CLARK STARTS ON HIS LONG JOURNEY
With good heart he shouldered it, and in May, 1778, was ready with one hundred and fifty-three men to start from the Redstone Settlements, on the Monongahela River. He stopped at both Pittsburg and Wheeling for needed supplies. Then his flatboats, manned by tall backwoodsmen in their picturesque dress, rowed or floated cautiously down the Ohio River.
They did not know on how great a journey they had entered, for even to his followers Clark could not tell his plan.
Toward the last of the month, on reaching the falls of the Ohio, near the present site of Louisville, they landed on an island, where Clark built a fort and drilled his men. Some of the families that had come with him, and were on their way to Kentucky, remained there until autumn, planting some corn and naming the island Corn Island.
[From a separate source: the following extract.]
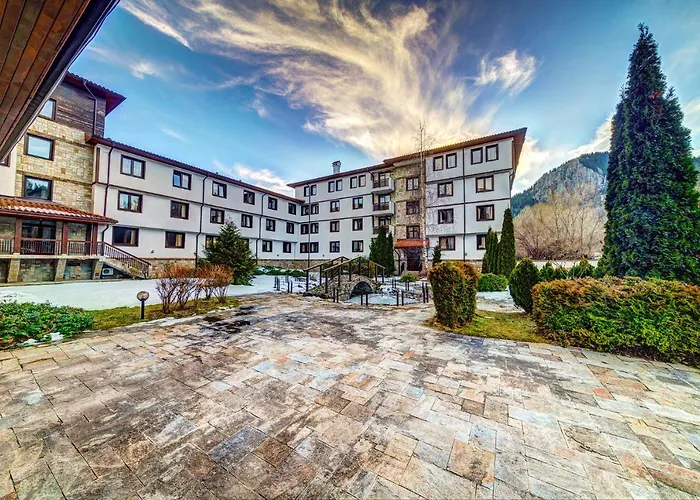 Complex Silver Hills Aparthotel
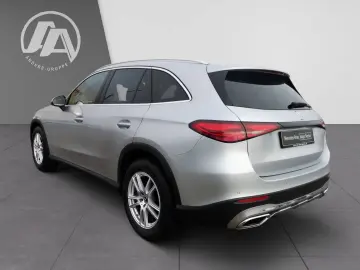 MERCEDES-BENZ GLC 220d 4M Avantgarde Distr LED 360 Kam Pano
When about to leave, Clark said to the men: “We are going to the Mississippi.” Some were faint-hearted and wished to turn back. “You may go,” said Clark, for he wanted no discontented men among his number. From those remaining he carefully picked out the ones who seemed robust enough to endure the extreme hardships which he knew awaited them.
George Rogers Clark in the Northwest.
As the success of the enterprise depended upon surprising the enemy, it was extremely important that he press forward as secretly and as speedily as possible. Accordingly, the men rowed hard, night and day, until they came to an island off the mouth of the Tennessee River. Here it was their good fortune to meet with a small party of hunters who had been at the French settlements not long before. These men cheerfully joined Clark’s party, agreeing to act as guides to Kaskaskia.
“If you go by the water-route of the Mississippi,” said these hunters, “the French commander at Kaskaskia will get news of your coming, through boatmen and hunters along the river, and will be ready to defend the fort against you. The fort is strong and the garrison well trained, and if the commander knows of your approach he will put up a good fight.”